In The Craftsman, Richard Sennett describes the ‘Mirror Tool’, ‘an implement that invites us to think about ourselves.’ He also ponders the inadequacy of language as a ‘Mirror Tool’ for the physical movements of the human body. ‘One solution to the limits of language is to substitute the image for the word. The many plates, by many hands, that richly furnish the encyclopaedia made this assist for workers unable to explain themselves in words...’5
I understood the method I used in making Pictorial House Modelling, After Miss Joyce Inall, 2015 as a sort of ‘Mirror Tool’. Perhaps work in this exhibition will be an extension of that enquiry, but until it unfolds we will not know precisely what it will do.
I have recently been transcribing and closely analysing an interview I made with another friend about a model he had made. The slow, meticulous process of uncovering of the ‘fine grain’ of that interaction, through the act of transcription, felt to me as much like making as any studio work I have made. This seems significant when considering the development of this new work which contains a form of transcription and another dialogue between friends. Just prior to writing this text, I was sifting through the fragmentary notes that had accumulated in my studio over the last year. I came across a scrawled note; ‘Instead of documenting photographically, to play an object as a score— to imagine its sound…email Rees.’
It seems that the conversation had been waiting to happen.
...
1 Teresa Stoppani, The Model—Ian Kiaer: Tooth House talks series (CD) (Henry Moore Institute, Leeds, 2014).
2 Frank B. and Lillian M. Gilbreth, Applied motion study; a collection of papers on the efficient method to industrial preparedness, (New York: Sturgis and Walton Company, 1917) 127 <https://archive.org/ details/cu31924004621672> [accessed 16th May 2016].

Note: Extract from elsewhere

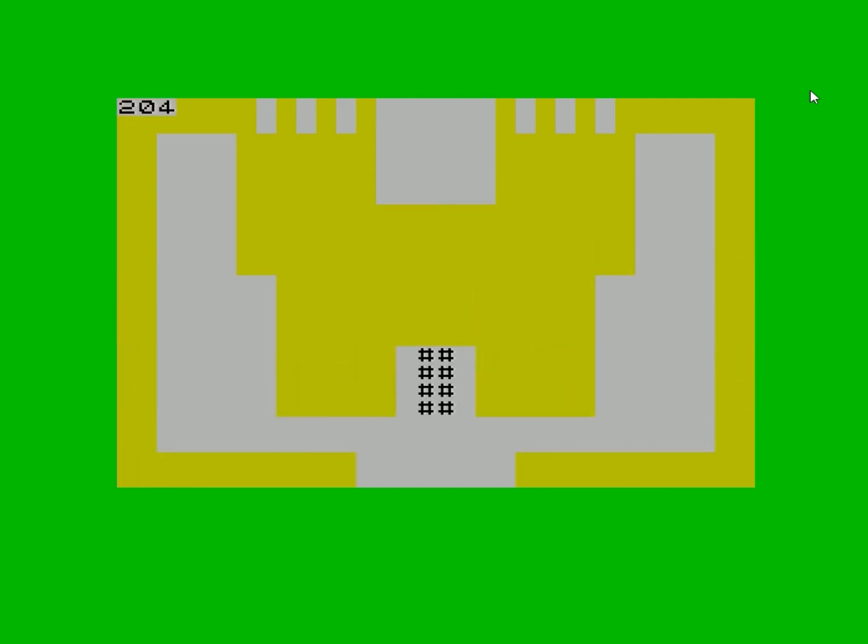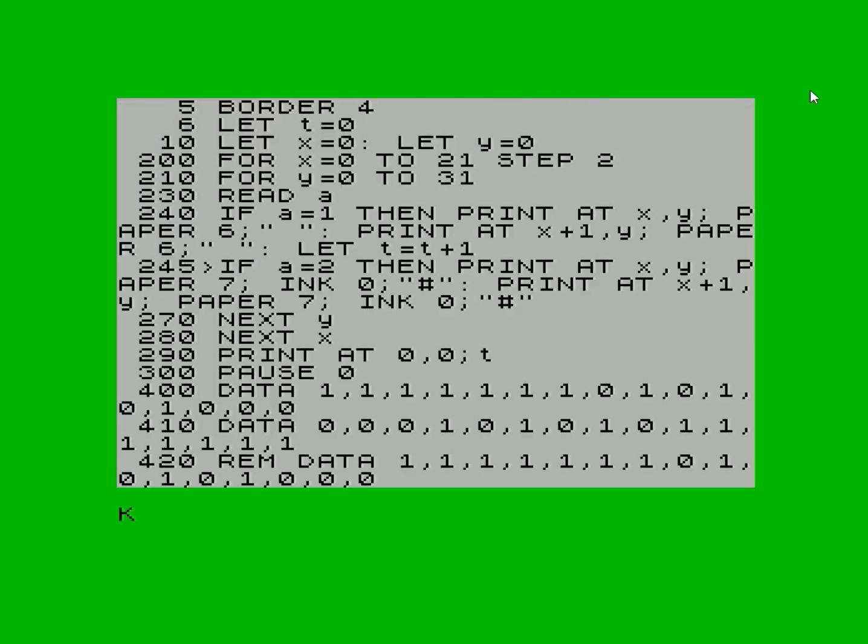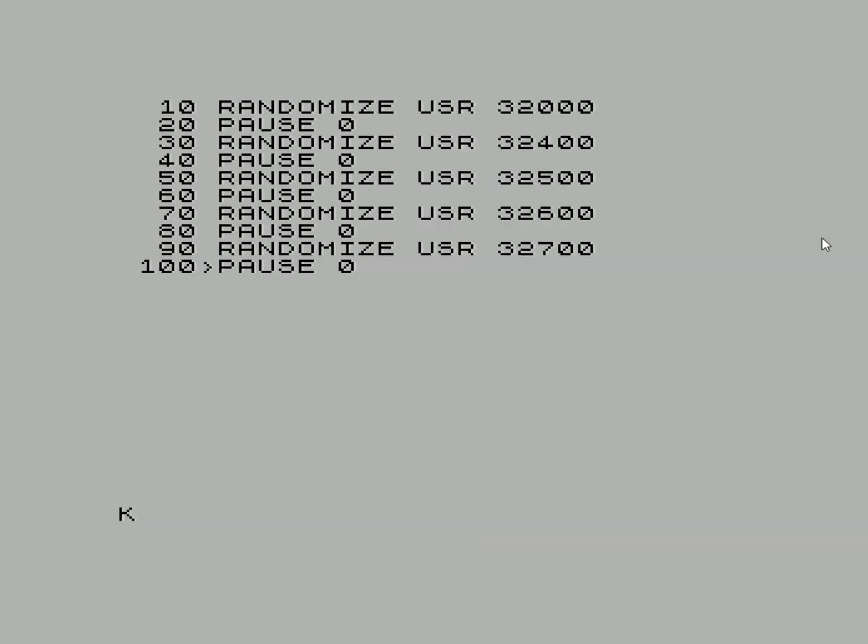I've even got a count: 204. That's how many times I've had to paste. Now, the pièce de résistance - the machine code version. Boom! It's up!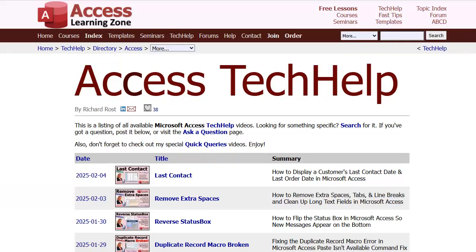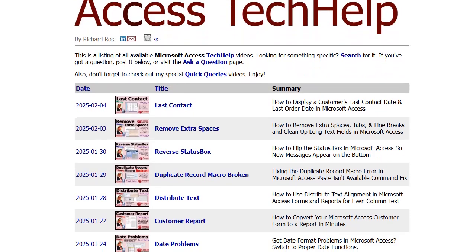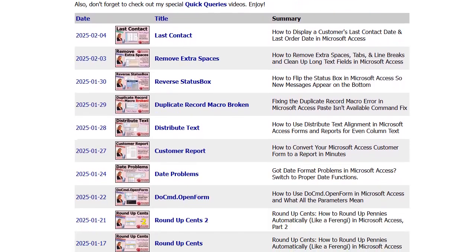In addition to my full beginner course, I also post tons of tech help tips and tricks videos on topics ranging from beginner to developer levels. Microsoft Access is my passion and I love answering your questions and making videos about them. You'll find tons of free tech help videos on my website and right here on my YouTube channel.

3 Brian Price, Frank and Lillian Gilbreth and the manufacture and marketing of motion study, 1908-1924. Business and economic history (1989) 88-98.
4 Edward. W. Hobbs, Pictorial House Modelling (London, 1926). In the 1920s and 30s, the engineer Edward Walter Hobbs published a miscellany of instructional books, with subjects ranging from How to Make Model Clipper Ships to Concrete for Amateurs. The connecting principle appears to be the aim to develop skill in changing one’s environment, via the practice of this through domestic and even miniature scale. Edward. W. Hobbs, Pictorial House Modelling (London, 1926) employs carefully choreographed illustrations which demonstrate the stages of a process through the depiction of the maker’s hands, posed mid-action. A model for the making of models, his approach attempts to make an account of the tactile in the technical. ‘It is difficult to describe in words how to acquire the touch necessary to produce a really keen edge, but the knife should be worked to and fro over the stone, turning the wrist and thereby the blade of the knife at each end of the stroke…’ (Hobbs, 1926). In 1918 an engineer also named E. W. Hobbs patented a prosthetic hand.
5 Richard Sennett, The Craftsman (London: Penguin, 2009), p. 95.
Figure 1: Unknown photographer, From image verso: “2 cycles on drill press showing ‘HABIT’ positioning after transporting. Note the ‘hesitation’ before ‘grasping.’”, c. 1915, stereoscopic photograph, Frank B. Gilbreth Motion Study Photographs (1913–1917) Collection at the The Kheel Center for Labor-Management Documentation and Archives, Cornell University. The image has been cropped and the colour changed. Image is licensed under a Creative Commons Attribution 4.0 International license.